Thanks Rajat. We use typical Cortex-A9/A7 SoCs running plain Linux rather than Android. We would use it for inference.

1. Platform choice

Why make TFL Android/iOS only? TF works on plain Linux. TFL even uses NDK and it would appear the inference part could work on plain Linux.

2. Performance

I did not find any info on performance of TensorFlow Lite. Mainly interested in inference performance. The tag "low-latency inference" catches my eye, just want to know how low is low latency here? milliseconds?

1. The code is standard C/C++ with minimal dependencies so it should be buildable on even non-standard platforms. Linux is easy.

2. The interpreter is more optimized for being low overhead and the kernels are better optimized especially for ARM CPUs currently. While model performance varies by model - we have seen significant improvements on most models going from TensorFlow to TensorFlow Lite. We'll share benchmarks soon.

> The code is standard C/C++ with minimal dependencies so it should be buildable on even non-standard platforms. Linux is easy.

Glad to hear that Rajat. Since it is easy as you say, I look forward to your upcoming release with Linux as standard. :-)

Also interested in answers to these two questions, as well as OpenCL performance in vanilla linux (iMX6 and above).
Will CoreML (or any hardware acceleration) on iOS be supported?
We want to provide a great experience across all our supported platforms, and are exploring ways to provide a simpler experience with good acceleration on iOS as well.
Woah this is cool. I’ve been waiting for this since you announced it. I was thinking about benchmarking it against other solutions . What do you think about other similar frameworks like coreml ?
What tradeoffs did you make compared to the original?
A few tradeoffs we had to make:

- As mentioned below - flatbuffers makes the startup time faster while trading off some flexibility

- Smaller code size means trading off dependency on some libraries and broader support vs writing more things from scratch more focused on the user cases people care about

Do you have performance/memory comparisons from using flatbuffer vs protobuf in TF? A quick writeup with how switching effected performance would be really interesting :)
Flatbuffers also uses less memory.
Using FlatBuffers, for one?
Hi, I have written about this before ( https://news.ycombinator.com/item?id=15595689 ) , but are there serialization fixes between cloud training and mobile ?

We have had huge issues in trying to figure out how to save models (freeze graph,etc) and load it on Android. If you look at my previous thread - it also mentions bugs,threads and support requests where people are consistently confused.

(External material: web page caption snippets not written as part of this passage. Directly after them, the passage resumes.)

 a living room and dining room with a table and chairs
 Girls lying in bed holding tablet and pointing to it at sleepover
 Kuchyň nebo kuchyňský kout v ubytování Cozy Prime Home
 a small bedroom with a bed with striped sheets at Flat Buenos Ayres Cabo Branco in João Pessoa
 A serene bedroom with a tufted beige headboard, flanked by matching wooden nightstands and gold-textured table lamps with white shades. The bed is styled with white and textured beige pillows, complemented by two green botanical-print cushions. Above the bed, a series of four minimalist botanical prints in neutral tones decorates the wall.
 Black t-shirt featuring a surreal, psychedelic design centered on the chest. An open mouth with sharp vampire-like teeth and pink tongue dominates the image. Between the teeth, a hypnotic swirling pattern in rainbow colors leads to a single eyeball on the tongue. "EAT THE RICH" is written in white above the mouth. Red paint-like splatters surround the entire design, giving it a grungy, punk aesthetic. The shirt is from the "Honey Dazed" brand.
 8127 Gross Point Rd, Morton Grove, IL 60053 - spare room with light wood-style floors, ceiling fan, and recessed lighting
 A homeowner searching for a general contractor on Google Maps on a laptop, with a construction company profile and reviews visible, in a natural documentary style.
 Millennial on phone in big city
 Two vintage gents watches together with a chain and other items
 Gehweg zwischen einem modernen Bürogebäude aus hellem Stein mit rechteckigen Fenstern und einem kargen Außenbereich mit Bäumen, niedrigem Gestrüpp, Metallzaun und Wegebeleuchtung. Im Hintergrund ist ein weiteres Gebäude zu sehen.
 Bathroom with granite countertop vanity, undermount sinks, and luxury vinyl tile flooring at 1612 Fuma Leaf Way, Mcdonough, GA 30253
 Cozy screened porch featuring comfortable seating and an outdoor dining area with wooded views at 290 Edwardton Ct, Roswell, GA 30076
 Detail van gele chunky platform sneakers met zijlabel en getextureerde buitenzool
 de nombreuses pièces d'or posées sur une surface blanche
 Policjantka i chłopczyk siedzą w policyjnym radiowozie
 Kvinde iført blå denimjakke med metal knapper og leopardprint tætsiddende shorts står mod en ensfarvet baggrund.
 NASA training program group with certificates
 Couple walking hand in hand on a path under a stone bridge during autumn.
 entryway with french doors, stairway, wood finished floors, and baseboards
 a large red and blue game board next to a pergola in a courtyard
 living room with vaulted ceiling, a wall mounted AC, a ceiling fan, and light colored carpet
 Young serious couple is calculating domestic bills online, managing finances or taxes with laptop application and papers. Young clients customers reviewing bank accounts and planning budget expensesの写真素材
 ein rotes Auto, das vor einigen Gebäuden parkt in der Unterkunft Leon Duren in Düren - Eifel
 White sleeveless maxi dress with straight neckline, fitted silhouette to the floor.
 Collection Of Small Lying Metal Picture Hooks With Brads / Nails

Agree, that is a big problem that we are working hard to solve. It isn't solved in this release, but it is high up on our task list.
hey, thanks for the reply!

petewarden (https://news.ycombinator.com/item?id=15596990) from Google is also working on this - so im really hopeful you guys will have something soon. This is a serious blocker for doing anything reasonable in TF.

Will this leverage the Pixel Visual Core SoC on a Pixel 2 device?
This release of Tensorflow Lite doesn't leverage the Pixel Visual Core. We will explore different hardware options available to us in the future.
TF Lite supports Android NN API that allows each phone to accelerate these models leveraging the custom accelerator on the phone.
What about using XLA to compile libraries for mobile deployment fusing only the operations needed by the model?
One nice thing about Lite is that it's a lot easier to just include the operations you need (compared to TensorFlow 'classic'), there's fusion for common patterns, and the base interpreter is only 70KB. That covers a lot of the advantages of using XLA for mobile apps. In return you have the ability to load models separately from the code, and the ops are hand-optimized for ARM.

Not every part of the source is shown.